The fundamental identity has the alternative form[4]

$A(x) = \exp\left({ \sum_{m \ge 1} \frac{P(x^m)}{m} }\right) \ .$

Examples

• The prototypical example of an arithmetic semigroup is the multiplicative semigroup of positive integers G = Z+ = {1, 2, 3, ...}, with subset of rational primes P = {2, 3, 5, ...}. Here, the norm of an integer is simply $|n| = n$, so that $N_G(x) = \lfloor x \rfloor$, the greatest integer not exceeding x.
• If K is an algebraic number field, i.e. a finite extension of the field of rational numbers Q, then the set G of all nonzero ideals in the ring of integers OK of K forms an arithmetic semigroup with identity element OK and the norm of an ideal I is given by the cardinality of the quotient ring OK/I. In this case, the appropriate generalisation of the prime number theorem is the Landau prime ideal theorem, which describes the asymptotic distribution of the ideals in OK.
• Various arithmetical categories which satisfy a theorem of Krull-Schmidt type can be considered. In all these cases, the elements of G are isomorphism classes in an appropriate category, and P consists of all isomorphism classes of indecomposable objects, i.e. objects which cannot be decomposed as a direct product of nonzero objects. Some typical examples are the following.
• The category of all finite abelian groups under the usual direct product operation and norm mapping $|A| = \mbox{ card}(A)$. The indecomposable objects are the cyclic groups of prime power order.
• The category of all compact simply-connected globally symmetric Riemannian manifolds under the Riemannian product of manifolds and norm mapping $|M| = c^{\mbox{dim }M}$, where c > 1 is fixed, and dim M denotes the manifold dimension of M. The indecomposable objects are the compact simply-connected irreducible symmetric spaces.
• The category of all pseudometrisable finite topological spaces under the topological sum and norm mapping $|X| = 2^{\mbox{card}(X)}$. The indecomposable objects are the connected spaces.

Methods and techniques

The use of arithmetic functions and zeta functions is extensive. The idea is to extend the various arguments and techniques of arithmetic functions and zeta functions in classical analytic number theory to the context of an arbitrary arithmetic semigroup which may satisfy one or more additional axioms. Such a typical axiom is the following, usually called "Axiom A" in the literature:

• Axiom A. There exist positive constants A and $\delta$, and a constant $\nu$ with $0 \le \nu < \delta$, such that $N_G(x) = Ax^{\delta} + O(x^{\nu}) \mbox { as } x \rightarrow \infin.$[5]

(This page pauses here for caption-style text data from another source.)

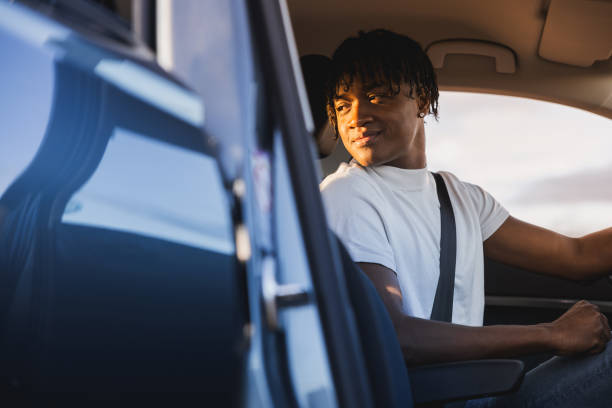 istock Man inside the car, getting ready for the trip, looking back to make sure his son is properly fastened with the seatbelt. 1808118748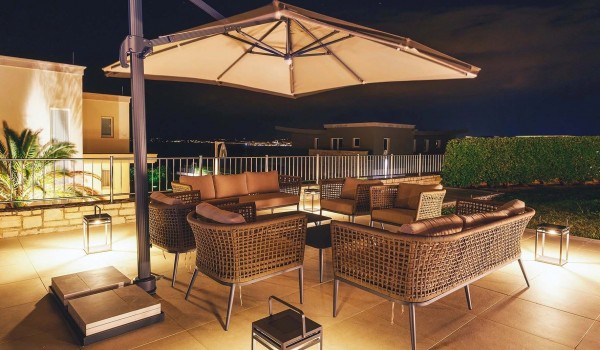 Outdoor seating with a parasol on the paved private terrace with heated pool in front of the luxury villa Residenzia Imperiale in Istria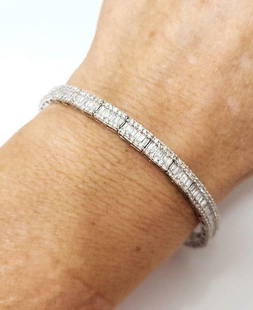5.00ct T.W. BAGUETTE & ROUND DIAMOND TENNIS BRACELET in 10K WHITE GOLD: Title: 5.00ct T.W. BAGUETTE & ROUND DIAMOND TENNIS BRACELET in 10K WHITE GOLD Additional Information: Description Bold and confident, this sparkling rectangle-link tennis bracelet makes a lasting impr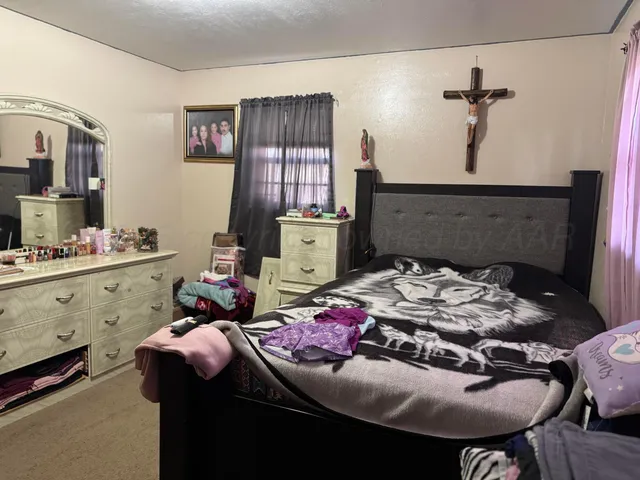 a bedroom with a bed and dresser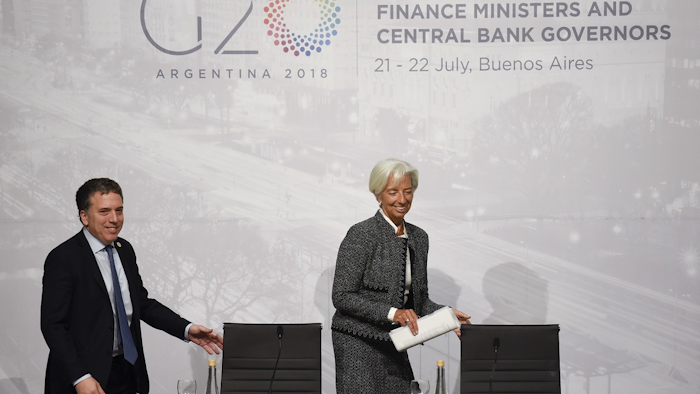 Christine Lagarde, right, International Monetary Fund Managing Director and Argentina Treasury Minister Nicolas Dujovne arrives for a press conference during the G20 meeting of Finance Ministers and Central Bank governors in Buenos Aires, Argentina, Saturday, July 21, 2018. Image credit: AP Photo/Gustavo Garello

For any arithmetic semigroup which satisfies Axiom A, we have the following abstract prime number theorem:[6]

$\pi_G(x) \sim \frac{x^{\delta}}{\delta \log x} \mbox { as } x \rightarrow \infin$

where πG(x) = total number of elements p in P of norm |p| ≤ x.

Arithmetical formation

The notion of arithmetical formation provides a generalisation of the ideal class group in algebraic number theory and allows for abstract asymptotic distribution results under constraints. In the case of number fields, for example, this is Chebotarev's density theorem. An arithmetical formation is an arithmetic semigroup G with an equivalence relation ≡ such that the quotient G/≡ is a finite abelian group A. This quotient is the class group of the formation and the equivalence classes are generalised arithmetic progressions or generalised ideal classes. If χ is a character of A then we can define a Dirichlet series

$\sum_{g \in G} \chi([g]) |g|^{-s}$

which provides a notion of zeta function for arithmetical semigroup.[7]